Wednesday 4th August 2021
This debate is somewhat unique to Ireland. We are a country with 50% tax rates that kick in pretty early on in one’s personal income, but we also have exceptionally generous pension schemes - especially if you are self employed.
In this article, I explore the concept of investing in property personally VS investing in a pension, to work out the fastest way to become FI in Ireland.
We are going to make several assumptions in this article, which are listed below. The biggest being that these figures have been applied to someone who is self-employed.
This is because self-employed people in Ireland can set up their own company and through that access a Director’s Pension, which typically allow a company director to make huge pension contributions - far greater than the 20% or so that is available for PAYE earners in their 30’s. Director Pensions allow for a 100% contribution, meaning that there is no tax applied on any contributions.

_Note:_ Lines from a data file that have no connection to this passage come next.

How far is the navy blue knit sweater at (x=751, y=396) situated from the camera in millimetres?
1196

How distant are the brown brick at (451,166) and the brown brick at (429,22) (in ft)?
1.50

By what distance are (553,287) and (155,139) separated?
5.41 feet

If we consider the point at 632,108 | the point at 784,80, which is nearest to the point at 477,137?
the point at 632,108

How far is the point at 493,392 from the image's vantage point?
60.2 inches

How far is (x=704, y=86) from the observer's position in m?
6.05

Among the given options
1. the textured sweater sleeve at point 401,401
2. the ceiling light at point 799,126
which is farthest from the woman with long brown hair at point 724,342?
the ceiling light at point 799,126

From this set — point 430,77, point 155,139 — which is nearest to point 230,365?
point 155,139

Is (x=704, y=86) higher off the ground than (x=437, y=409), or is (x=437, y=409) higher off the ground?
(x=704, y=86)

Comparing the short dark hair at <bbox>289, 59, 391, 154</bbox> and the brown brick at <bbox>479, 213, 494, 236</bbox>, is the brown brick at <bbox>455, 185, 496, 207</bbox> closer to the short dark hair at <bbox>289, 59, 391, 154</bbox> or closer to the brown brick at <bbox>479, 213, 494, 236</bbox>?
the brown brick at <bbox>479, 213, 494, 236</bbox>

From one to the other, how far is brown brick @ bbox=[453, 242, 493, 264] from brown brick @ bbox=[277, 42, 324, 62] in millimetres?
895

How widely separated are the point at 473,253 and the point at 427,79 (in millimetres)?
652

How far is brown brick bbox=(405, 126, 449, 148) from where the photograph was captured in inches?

This isn’t to say that this won’t work if you are a PAYE employee, but you may need to adjust the assumptions to suit.
Finally keep in mind that any profits in a pension grow tax free in Ireland, whereas any rent profits in Ireland will be taxed at the margin tax rate - which for most will be 50%.
Of course, the big downfall of pensions is that they can’t be accessed until one is at least 50. This may change to 55 in future years, though my financial advisor does tell me that even if it does, the pension could be set up with a retirement age of 50, so there is a potential work around. Time will tell, but this should be kept as a consideration.

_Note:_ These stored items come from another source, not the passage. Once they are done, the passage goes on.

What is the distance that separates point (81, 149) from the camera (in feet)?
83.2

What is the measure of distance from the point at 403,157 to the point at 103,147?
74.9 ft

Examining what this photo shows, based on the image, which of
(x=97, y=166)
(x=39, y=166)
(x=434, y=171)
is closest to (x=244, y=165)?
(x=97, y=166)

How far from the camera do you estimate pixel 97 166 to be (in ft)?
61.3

We should also be aware that laws with investment properties are always changing and typically tenants rights are becoming better, which is usually bad for a landlord if you get a tenant that refuses to pay rent. Some countries are also phasing out the ability for interest on a mortgage to be tax deductible, so if there are changes here this could be significant. Furthermore, a recent law was changed which has limited the amount that rent can increase in many areas in Ireland by the inflation rate - somewhere around 2% per year - so this should also be kept in mind.
I thought I would start by giving my gut feeling. I've always seen 50% tax in Ireland as a real barrier to any early retirement potential, so for me a pension with a 100% tax free contribution, growing with tax free returns will be a better investment than paying 50% tax and further paying 50% tax on any profits. Even though a pension can't be accessed until one is in their 50's or 60's, it is likely still a faster path to FI in Ireland.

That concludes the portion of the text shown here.